Metadata-Version: 1.1
Name: gensim
Version: 0.13.2
Summary: Python framework for fast Vector Space Modelling
Home-page: http://radimrehurek.com/gensim
Author: Radim Rehurek
Author-email: me@radimrehurek.com
License: UNKNOWN
Download-URL: http://pypi.python.org/pypi/gensim
Description: gensim – Topic Modelling in Python
        ==================================
        
        ![Travis]![Wheel]
        
        Gensim is a Python library for *topic modelling*, *document indexing*
        and *similarity retrieval* with large corpora. Target audience is the
        *natural language processing* (NLP) and *information retrieval* (IR)
        community.
        
        Features
        --------
        
        -   All algorithms are **memory-independent** w.r.t. the corpus size
            (can process input larger than RAM, streamed, out-of-core),
        -   **Intuitive interfaces**
            -   easy to plug in your own input corpus/datastream (trivial
                streaming API)
            -   easy to extend with other Vector Space algorithms (trivial
                transformation API)
        -   Efficient multicore implementations of popular algorithms, such as
            online **Latent Semantic Analysis (LSA/LSI/SVD)**, **Latent
            Dirichlet Allocation (LDA)**, **Random Projections (RP)**,
            **Hierarchical Dirichlet Process (HDP)** or **word2vec deep
            learning**.
        -   **Distributed computing**: can run *Latent Semantic Analysis* and
            *Latent Dirichlet Allocation* on a cluster of computers.
        -   Extensive [documentation and Jupyter Notebook tutorials].
        
        If this feature list left you scratching your head, you can first read
        more about the [Vector Space Model] and [unsupervised document analysis]
        on Wikipedia.
        
        Installation
        ------------
        
        This software depends on [NumPy and Scipy], two Python packages for
        scientific computing.
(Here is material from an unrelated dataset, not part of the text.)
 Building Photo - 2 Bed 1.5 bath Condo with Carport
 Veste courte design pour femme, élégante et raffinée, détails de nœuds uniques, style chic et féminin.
You must have them installed prior to installing
        gensim.
        
        It is also recommended you install a fast BLAS library before installing
        NumPy. This is optional, but using an optimized BLAS such as [ATLAS] or
        [OpenBLAS] is known to improve performance by as much as an order of
        magnitude. On OS X, NumPy picks up the BLAS that comes with it
        automatically, so you don’t need to do anything special.
        
        The simple way to install gensim is:
        
            pip install -U gensim
        
        Or, if you have instead downloaded and unzipped the [source tar.gz]
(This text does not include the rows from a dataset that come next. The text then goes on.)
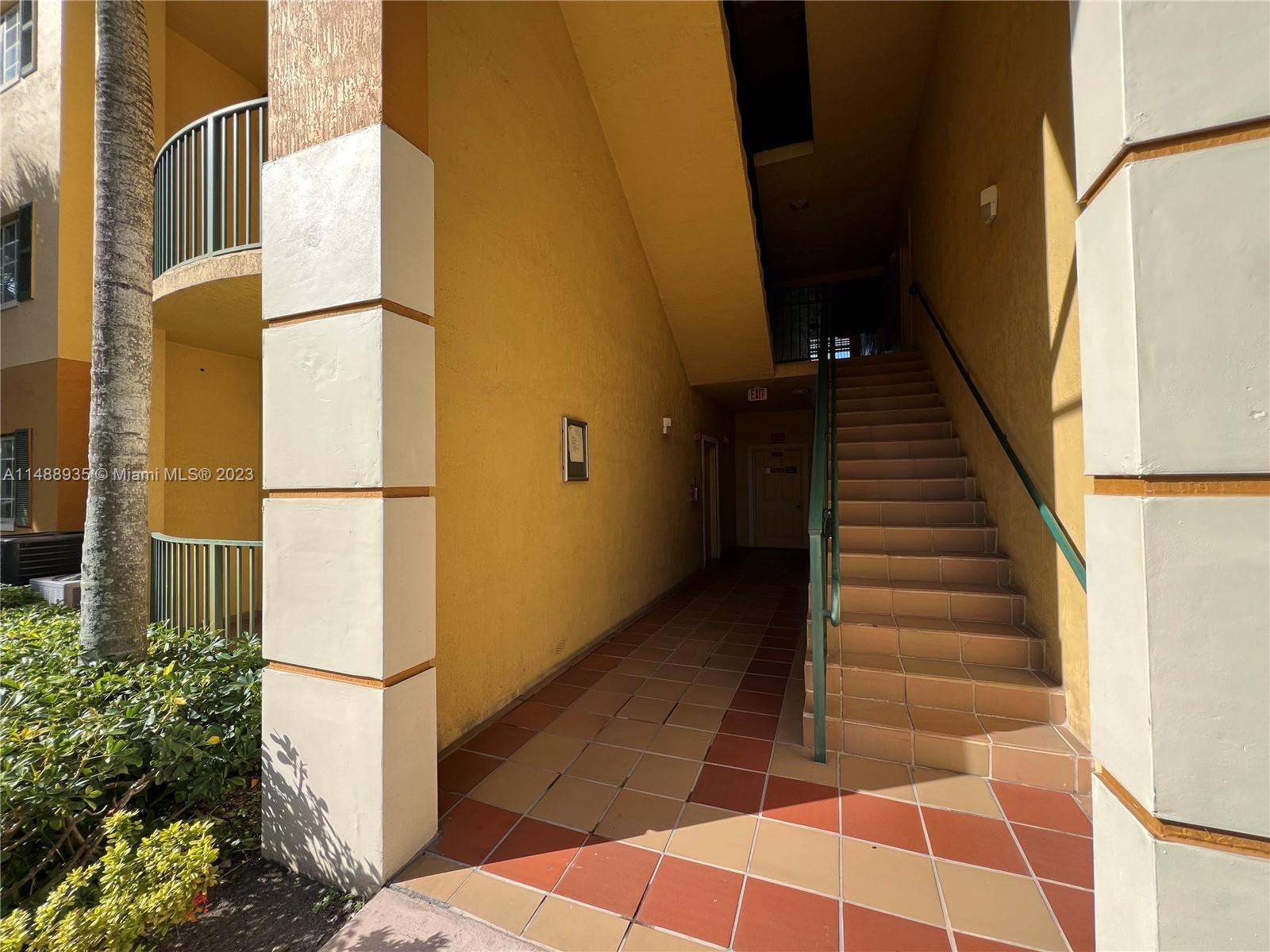 PALM GARDENS AT DORAL CON - Residential Lease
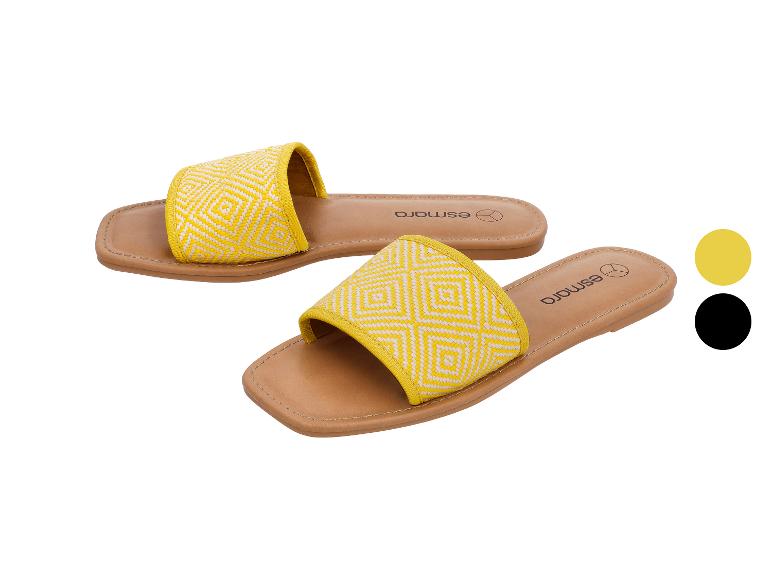 Gelbe flache Sandalen mit geometrischem Muster und brauner Sohle, mit gelben und schwarzen Farbmustern.
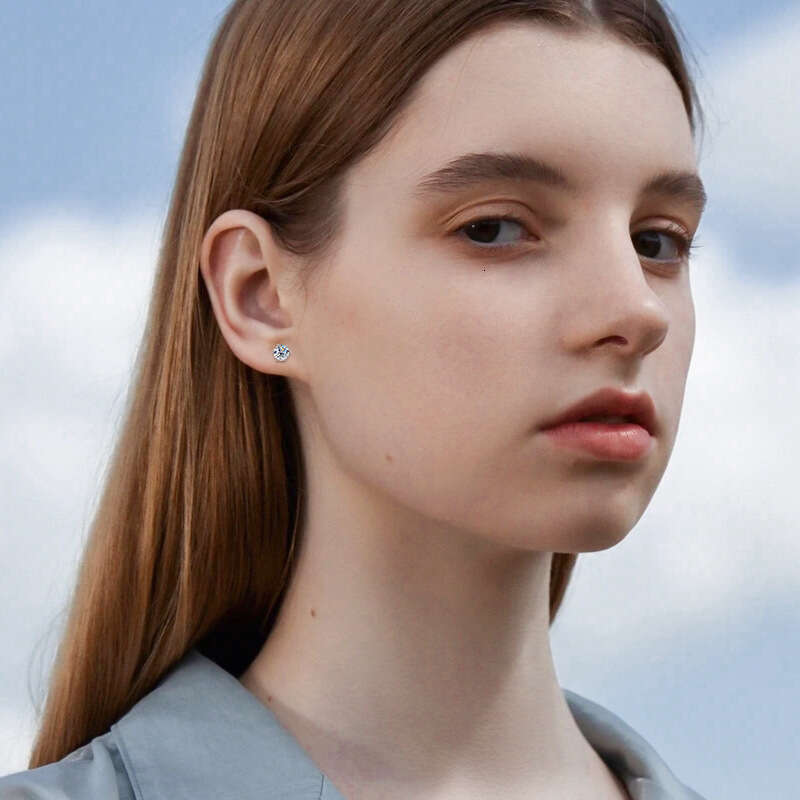 Elegant 1 Carat Moissanite Earrings For Women, Ins Style, High-End Feel, Pure Sier Ear Jewelry E5f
        package, you’d run:
        
            python setup.py test
            python setup.py install
        
        For alternative modes of installation (without root privileges,
        development installation, optional install features), see the
        [documentation].
        
        This version has been tested under Python 2.6, 2.7, 3.3, 3.4 and 3.5
        (support for Python 2.5 was dropped in gensim 0.10.0; install gensim
        0.9.1 if you *must* use Python 2.5). Gensim’s github repo is hooked
        against [Travis CI for automated testing] on every commit push and pull
        request.
        
        How come gensim is so fast and memory efficient? Isn’t it pure Python, and isn’t Python slow and greedy?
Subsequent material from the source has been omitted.